| DATA PROVIDED |
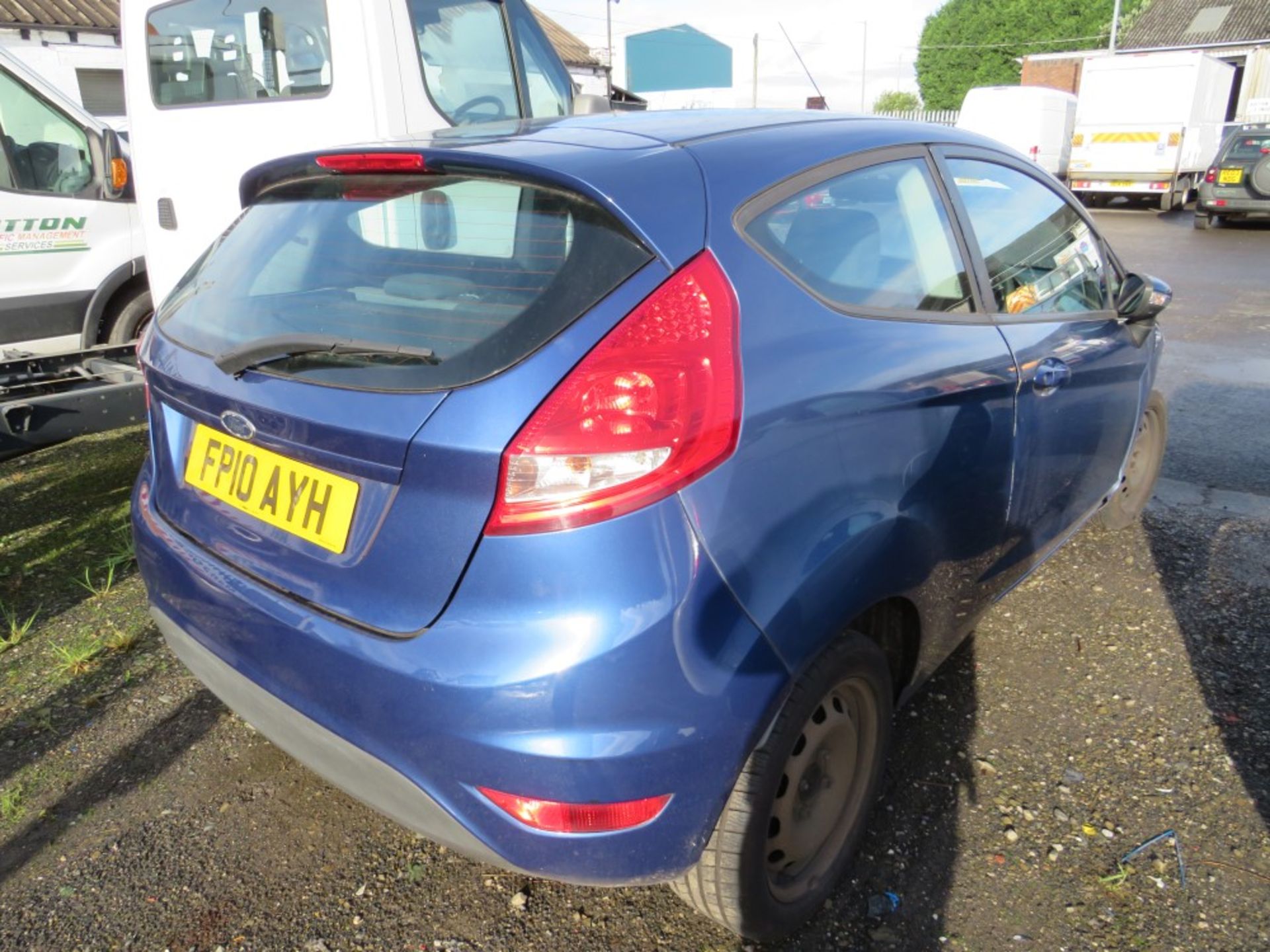 10 reg FORD FIESTA EDGE TDCI 68 3 DOOR HATCHBACK (ACCIDENT DAMAGED, RUNS BUT NOT FIT TO DRIVE) ( - Image 4 of 6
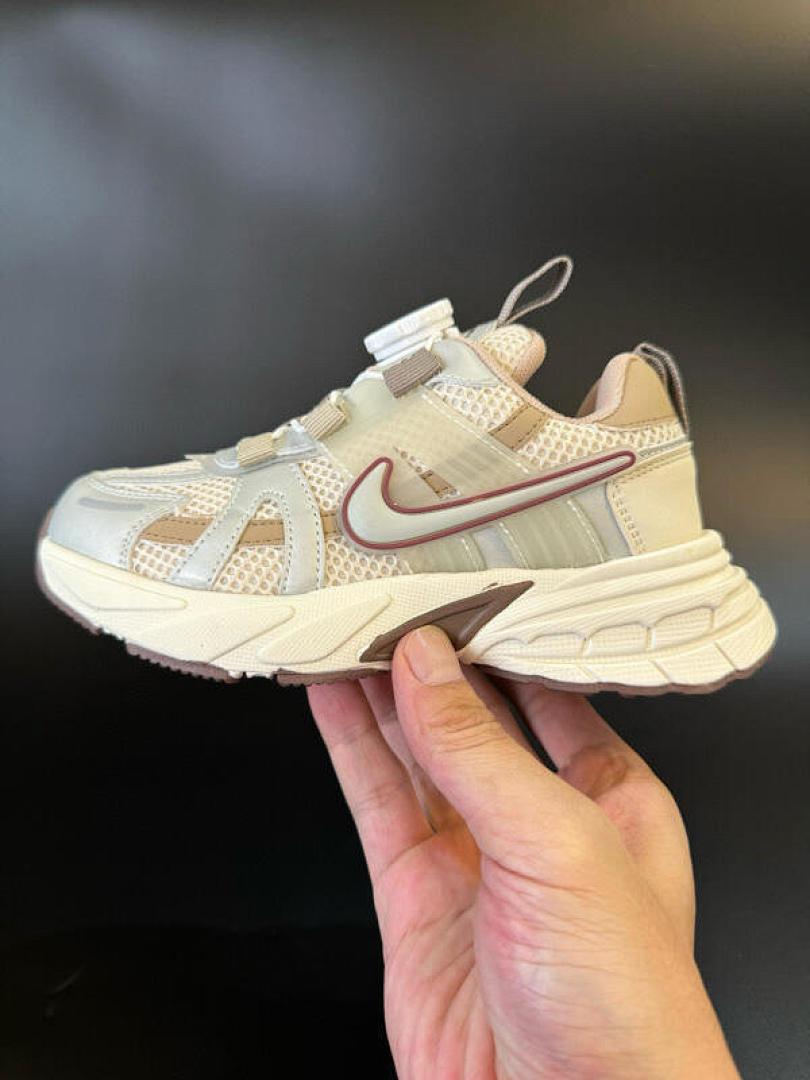 נעליים Nike Nike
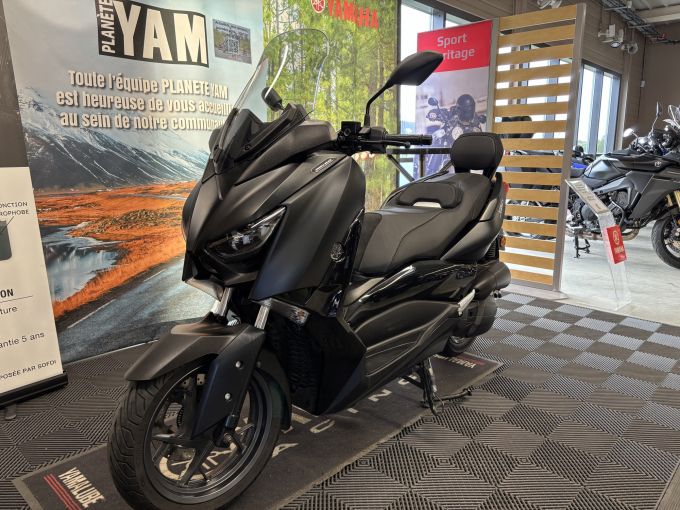 YAMAHA XMAX 125 4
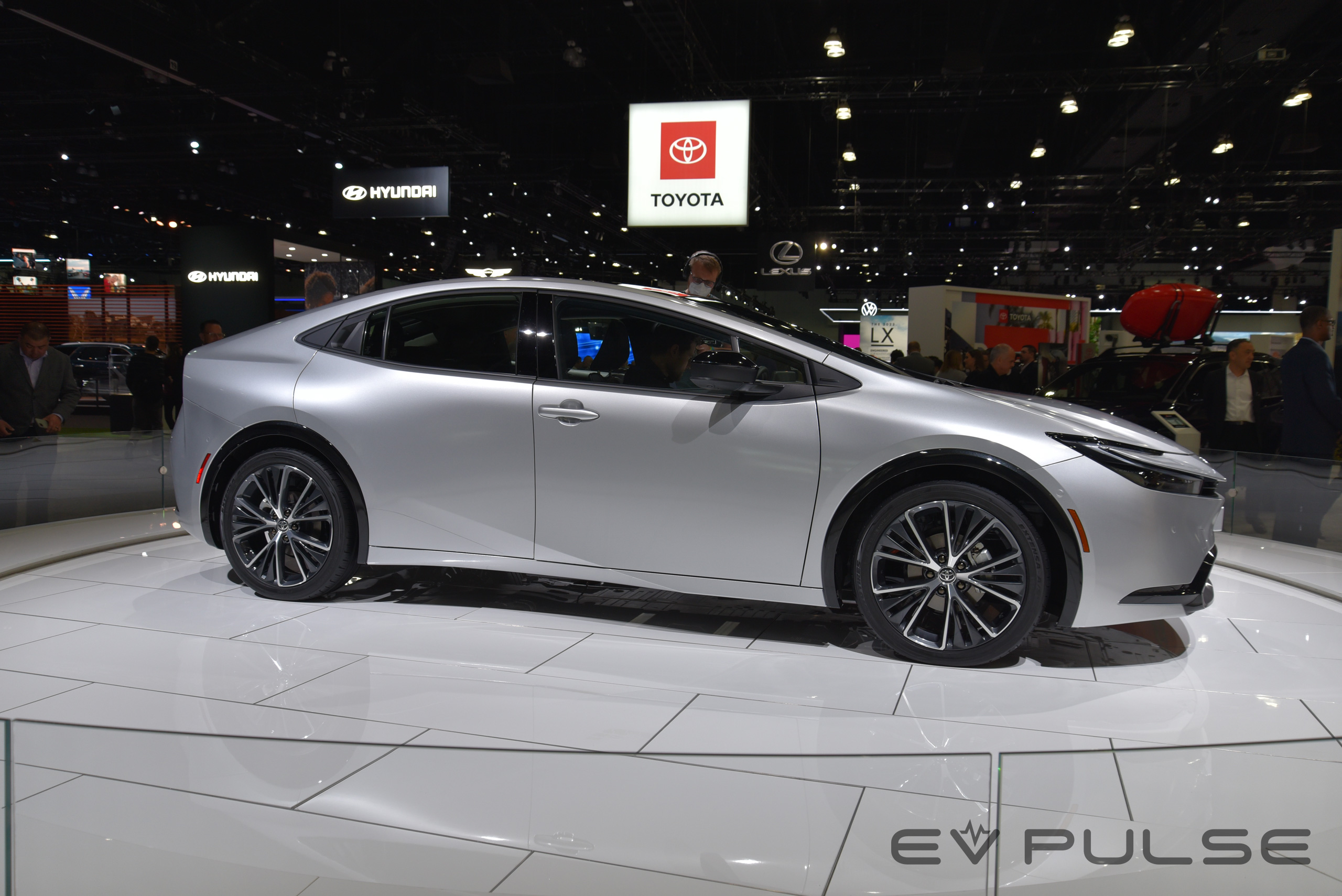 2023 toyota prius la auto show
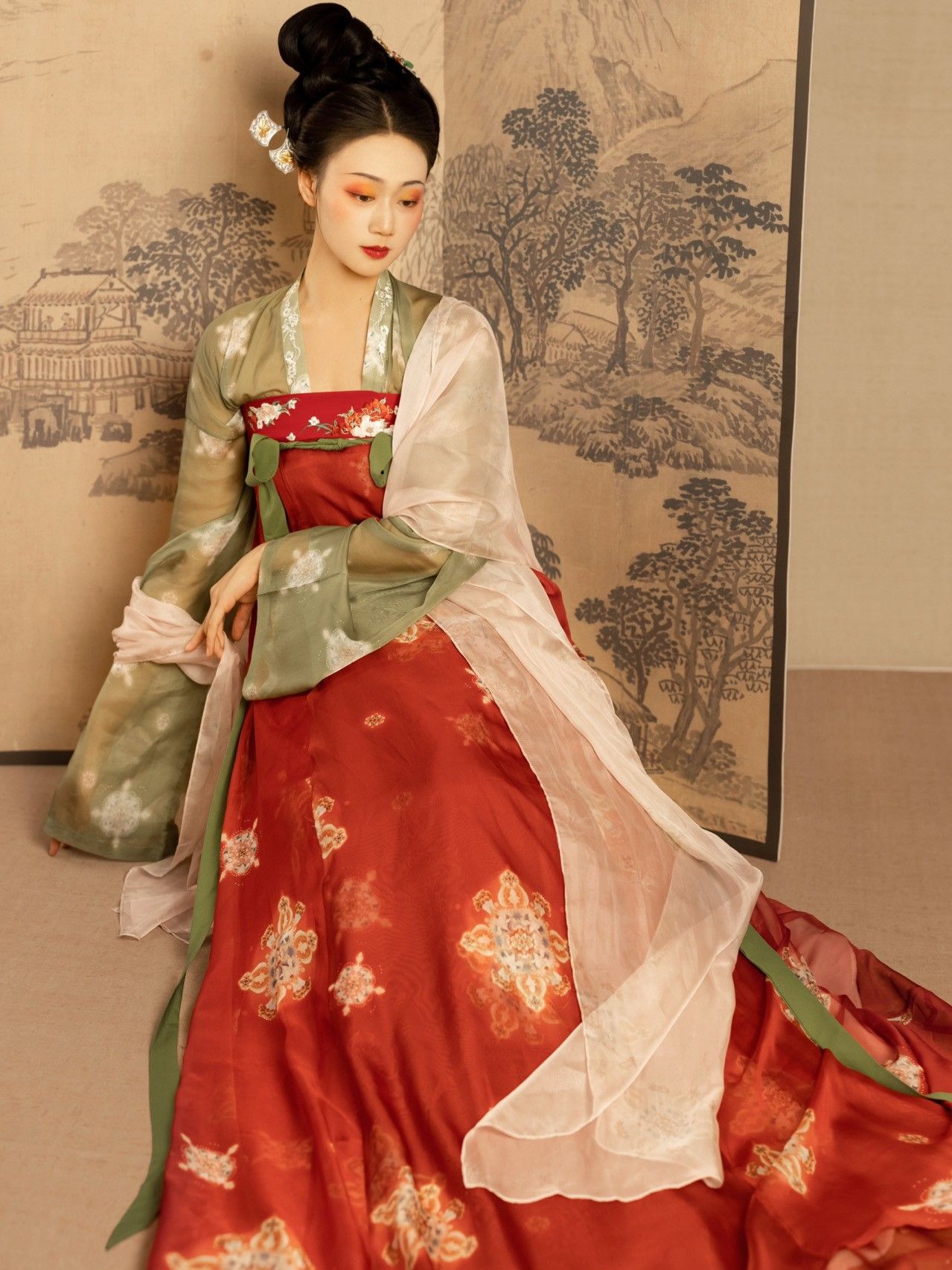 Innovating the Classic Cheongsam with Modern Xiangyunsha Silk Innovating the Classic Cheongsam with Modern Xiangyunsha Silk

| WORK TO COMPLETE |
The listing should be transcribed exactly. No picture is to appear in the transcription.

| PROBLEM SOLUTION |
 10 reg FORD FIESTA EDGE TDCI 68 3 DOOR HATCHBACK (ACCIDENT DAMAGED, RUNS BUT NOT FIT TO DRIVE) ( - Image 4 of 6
 נעליים Nike Nike
 YAMAHA XMAX 125 4
 2023 toyota prius la auto show
 Innovating the Classic Cheongsam with Modern Xiangyunsha Silk Innovating the Classic Cheongsam with Modern Xiangyunsha Silk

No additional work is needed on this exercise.